--- Data block Enclosed Below ---

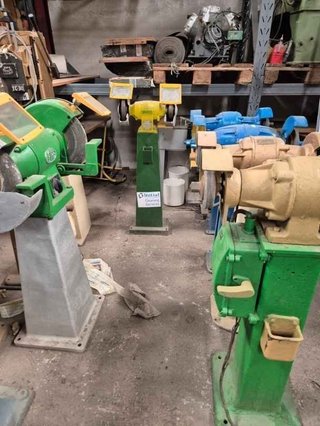 PIED?AS ESMERIL CON PIES
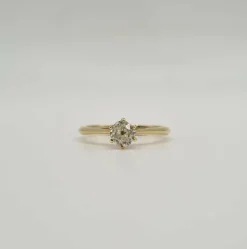 Solitaire or jaune serti d'un diamant taille ancienne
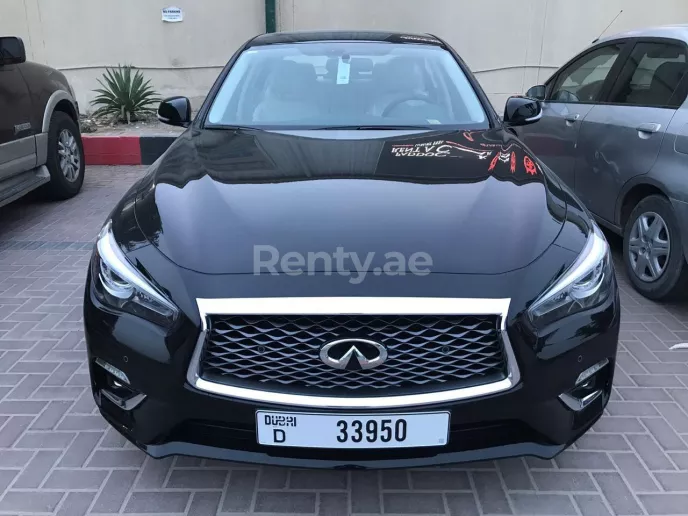 Infiniti Q50 (Черный), 2019 для аренды в Дубай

--- End of Enclosed Data block ---

• **The problem**
Once the pictures are removed, copy the material above exactly.

• **Exercise output**
 PIED?AS ESMERIL CON PIES
 Solitaire or jaune serti d'un diamant taille ancienne
 Infiniti Q50 (Черный), 2019 для аренды в Дубай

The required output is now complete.